Green Washing - 101
Green washing, a term that not too long ago was rarely used and still today a lot of people will be reading about it for the first time right here! But just because it's not widely talked about doesn't mean that it's not happening and is happening to you.
What Exactly Is Green Washing And Why Is It So Bad?
Green Washing is when a brand, company or product is misrepresented or misleading about how environmentally sound they are. These companies take advantage of the fact that we as consumers want to choose green, toxic free and eco friendly products to bring into our homes. Obviously we don't want to clean our homes with toxic chemicals or pollutants. But they're getting away with selling us toxic products paraded around as being "green".
There are quite a few ways that companies are using green washing tactics that this journal entry could go on for days. We know how important time is for everyone nowadays so we're separating this issue into as many entries as we deem fit until we've fully disclosed every green washing tactic in the book. After this session is over, you'll be fully schooled in the art of calling out the BS and never falling prey to another company trying to pull one over on you.
We Look And Sound Green, So We Are.
This is the simplest form of green washing and it's EVERYWHERE! When you think of eco friendly what comes to mind? The color green, leaves, trees or the words natural, eco, green and biodegradable right? If you saw any of these on a product you would assume that this product was people safe and planet friendly.
So let's break it down, anyone can make their packaging or product green. One of my favorite examples of this are the produce bags at Whole Foods. They're green, leading you the believe that it's an environmentally friendly plastic bag. Whole Foods has a reputation of being good for the planet so when you shop there you think you're doing your part but that green plastic bag is trash once it's done carrying your produce home.
This type of plastic is so flimsy that if it is even recyclable, it can only be recycled, at most, 1-2 times before it's made into such a lesser material you can't do anything with it. The best option is to bring your own reusable bags when you shop at your local grocery store.
Don't Be Fooled By Imagery.
Shampoo's, food labels, baby products, you name it, have seen an uptick in the amount of green branding over the years that it's almost comical. Take for instance, I Can't Believe It's Not Butter Vegan Butter. This packaging is covered in green leaves invoking a sense of environmental action from this company. You would surmise that they care about the planet but when you flip the product over you reveal that this product contains palm oil. The production of palm oil is a leading contributor to global warming.

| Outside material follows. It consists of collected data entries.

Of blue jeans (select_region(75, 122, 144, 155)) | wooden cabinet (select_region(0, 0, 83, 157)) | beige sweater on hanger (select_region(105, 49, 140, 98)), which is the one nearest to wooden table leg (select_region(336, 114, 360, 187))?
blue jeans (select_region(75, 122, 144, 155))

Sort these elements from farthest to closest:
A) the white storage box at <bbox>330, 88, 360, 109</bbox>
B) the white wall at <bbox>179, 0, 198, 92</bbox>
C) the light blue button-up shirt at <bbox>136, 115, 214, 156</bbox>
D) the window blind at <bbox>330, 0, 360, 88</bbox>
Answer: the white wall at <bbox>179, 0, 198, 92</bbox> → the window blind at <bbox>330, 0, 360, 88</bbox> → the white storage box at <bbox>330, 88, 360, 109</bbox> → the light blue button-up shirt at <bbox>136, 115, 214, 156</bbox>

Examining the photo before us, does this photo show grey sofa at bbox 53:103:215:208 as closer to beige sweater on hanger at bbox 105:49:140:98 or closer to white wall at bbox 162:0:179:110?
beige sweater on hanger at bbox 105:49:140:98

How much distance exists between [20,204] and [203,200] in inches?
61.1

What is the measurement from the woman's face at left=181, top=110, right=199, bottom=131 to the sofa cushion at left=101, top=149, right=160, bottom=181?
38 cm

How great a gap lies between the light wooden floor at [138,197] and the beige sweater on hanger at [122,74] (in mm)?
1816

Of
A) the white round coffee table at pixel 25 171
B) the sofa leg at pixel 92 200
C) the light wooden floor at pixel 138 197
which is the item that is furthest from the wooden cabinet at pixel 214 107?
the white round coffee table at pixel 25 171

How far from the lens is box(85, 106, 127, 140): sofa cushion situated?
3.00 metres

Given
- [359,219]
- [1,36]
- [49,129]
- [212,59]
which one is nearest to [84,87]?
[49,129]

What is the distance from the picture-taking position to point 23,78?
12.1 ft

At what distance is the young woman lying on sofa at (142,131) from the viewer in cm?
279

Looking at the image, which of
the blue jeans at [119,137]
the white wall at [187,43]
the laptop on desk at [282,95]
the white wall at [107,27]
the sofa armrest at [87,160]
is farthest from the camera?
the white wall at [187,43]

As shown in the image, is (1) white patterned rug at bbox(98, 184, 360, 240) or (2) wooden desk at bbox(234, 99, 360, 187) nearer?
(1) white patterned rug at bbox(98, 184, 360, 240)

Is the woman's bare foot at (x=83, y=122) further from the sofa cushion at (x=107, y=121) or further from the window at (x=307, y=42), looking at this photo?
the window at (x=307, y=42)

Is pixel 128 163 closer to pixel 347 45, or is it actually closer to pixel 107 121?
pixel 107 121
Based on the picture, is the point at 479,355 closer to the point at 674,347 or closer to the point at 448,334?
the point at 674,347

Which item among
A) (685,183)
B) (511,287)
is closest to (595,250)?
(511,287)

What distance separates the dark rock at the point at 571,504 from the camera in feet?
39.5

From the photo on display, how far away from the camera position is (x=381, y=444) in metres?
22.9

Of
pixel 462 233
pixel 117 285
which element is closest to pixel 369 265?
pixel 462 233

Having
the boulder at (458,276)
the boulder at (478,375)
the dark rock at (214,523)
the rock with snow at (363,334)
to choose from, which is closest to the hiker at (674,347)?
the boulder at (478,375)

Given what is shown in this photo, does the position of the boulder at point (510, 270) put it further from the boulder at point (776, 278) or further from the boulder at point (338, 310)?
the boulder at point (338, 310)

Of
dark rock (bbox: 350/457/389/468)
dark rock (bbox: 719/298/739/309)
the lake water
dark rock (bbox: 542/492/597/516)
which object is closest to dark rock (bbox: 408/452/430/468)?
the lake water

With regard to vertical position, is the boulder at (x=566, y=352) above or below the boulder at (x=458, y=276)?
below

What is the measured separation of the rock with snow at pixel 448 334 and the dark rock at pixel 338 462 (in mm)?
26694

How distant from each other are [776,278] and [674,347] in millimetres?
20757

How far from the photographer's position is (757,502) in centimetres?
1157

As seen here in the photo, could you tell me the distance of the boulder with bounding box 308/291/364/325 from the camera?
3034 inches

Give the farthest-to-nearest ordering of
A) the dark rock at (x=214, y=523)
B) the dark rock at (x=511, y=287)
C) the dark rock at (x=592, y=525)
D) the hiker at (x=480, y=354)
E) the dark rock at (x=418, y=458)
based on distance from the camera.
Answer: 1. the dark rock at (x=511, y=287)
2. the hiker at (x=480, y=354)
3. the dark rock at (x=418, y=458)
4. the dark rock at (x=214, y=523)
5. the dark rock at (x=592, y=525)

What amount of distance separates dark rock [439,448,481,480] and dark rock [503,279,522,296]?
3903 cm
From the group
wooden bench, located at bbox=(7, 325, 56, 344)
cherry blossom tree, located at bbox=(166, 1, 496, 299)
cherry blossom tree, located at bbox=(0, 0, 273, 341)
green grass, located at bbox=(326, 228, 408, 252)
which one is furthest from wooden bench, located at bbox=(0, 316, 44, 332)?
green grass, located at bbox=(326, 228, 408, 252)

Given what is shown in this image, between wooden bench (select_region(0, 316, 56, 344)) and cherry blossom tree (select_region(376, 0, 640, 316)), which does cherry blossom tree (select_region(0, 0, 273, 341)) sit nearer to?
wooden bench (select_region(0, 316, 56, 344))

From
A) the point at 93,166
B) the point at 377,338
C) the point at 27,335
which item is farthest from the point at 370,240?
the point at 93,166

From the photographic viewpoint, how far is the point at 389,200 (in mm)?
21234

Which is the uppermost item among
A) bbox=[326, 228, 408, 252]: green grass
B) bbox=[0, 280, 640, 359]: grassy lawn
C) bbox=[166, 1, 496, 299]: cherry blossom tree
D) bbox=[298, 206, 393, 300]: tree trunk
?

While you initially get the warm and fuzzies from this product simply because of its packaging, their use of palm oil tells you that don't actually care that much.

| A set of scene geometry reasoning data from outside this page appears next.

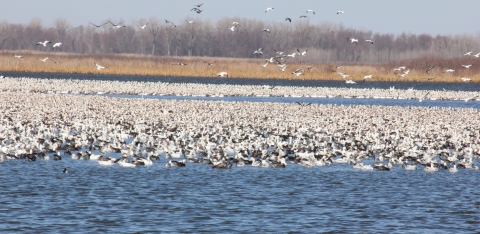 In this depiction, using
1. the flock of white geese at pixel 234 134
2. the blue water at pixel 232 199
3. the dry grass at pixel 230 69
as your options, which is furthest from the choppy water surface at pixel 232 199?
the dry grass at pixel 230 69

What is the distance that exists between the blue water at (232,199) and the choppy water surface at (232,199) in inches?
0.7

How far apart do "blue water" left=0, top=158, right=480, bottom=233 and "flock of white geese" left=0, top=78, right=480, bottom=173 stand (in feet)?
2.31

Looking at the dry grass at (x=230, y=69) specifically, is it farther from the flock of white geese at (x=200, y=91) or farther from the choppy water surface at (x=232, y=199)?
the choppy water surface at (x=232, y=199)

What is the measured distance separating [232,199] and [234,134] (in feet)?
30.0

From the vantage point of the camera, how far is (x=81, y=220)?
485 inches

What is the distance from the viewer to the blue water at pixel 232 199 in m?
12.2

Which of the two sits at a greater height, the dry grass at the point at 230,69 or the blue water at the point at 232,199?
the dry grass at the point at 230,69

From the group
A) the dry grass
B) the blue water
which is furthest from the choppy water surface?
the dry grass

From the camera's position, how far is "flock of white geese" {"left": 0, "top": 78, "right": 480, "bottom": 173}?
19250 mm

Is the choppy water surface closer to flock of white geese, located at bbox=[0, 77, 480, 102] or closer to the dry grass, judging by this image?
flock of white geese, located at bbox=[0, 77, 480, 102]

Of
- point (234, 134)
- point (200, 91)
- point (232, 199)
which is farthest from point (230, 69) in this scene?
point (232, 199)

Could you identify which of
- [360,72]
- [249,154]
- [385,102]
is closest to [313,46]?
[360,72]

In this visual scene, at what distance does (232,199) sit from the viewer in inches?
568

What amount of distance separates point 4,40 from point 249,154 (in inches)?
5766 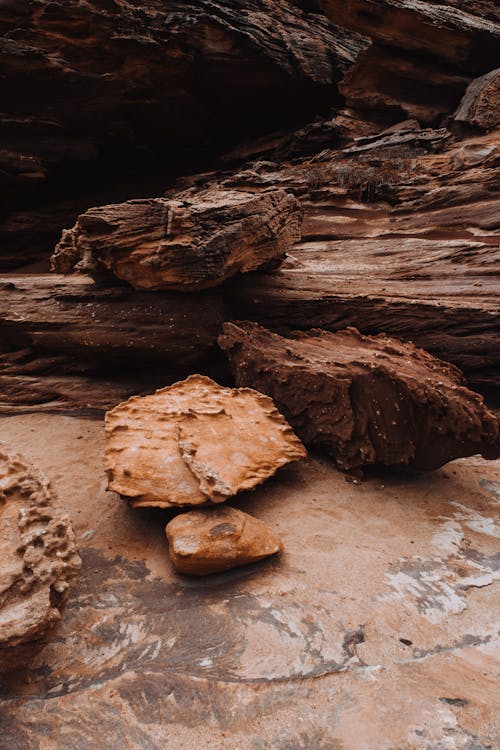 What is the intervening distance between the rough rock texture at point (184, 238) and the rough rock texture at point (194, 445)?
1036 millimetres

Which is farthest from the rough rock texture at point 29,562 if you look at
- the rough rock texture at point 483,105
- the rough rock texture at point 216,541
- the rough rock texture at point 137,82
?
the rough rock texture at point 137,82

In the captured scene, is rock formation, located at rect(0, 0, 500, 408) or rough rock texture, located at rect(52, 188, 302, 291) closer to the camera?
rough rock texture, located at rect(52, 188, 302, 291)

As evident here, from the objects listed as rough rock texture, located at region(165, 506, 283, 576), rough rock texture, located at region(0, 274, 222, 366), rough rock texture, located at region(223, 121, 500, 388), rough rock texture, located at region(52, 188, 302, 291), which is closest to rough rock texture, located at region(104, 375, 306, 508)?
rough rock texture, located at region(165, 506, 283, 576)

I also would just like to mention that the word "Vegan" is plastered on this "butter" alternative.....shhh don't tell anyone but it has always been vegan. They're using the new wave of people who are vegan curious to brand and sell their product to a group of people who choose to be vegan not just for animal rights but because they care about their diet not impacting climate change.
Words Are Just BLAH BLAH BLAH
I love a good product when I see it but that doesn't often happen out at our traditional big box shopping centers. Companies throw around the words natural, bio, clean, toxic-free, free from and the list goes on.
But you've made it this far so you're wising up to their tricks. The world "natural" isn't regulated so practically anything can be labeled as natural. There are naturally occurring toxins like ammonia and chlorine. In theory, a product can label itself "natural" while still containing harsh and toxic chemicals.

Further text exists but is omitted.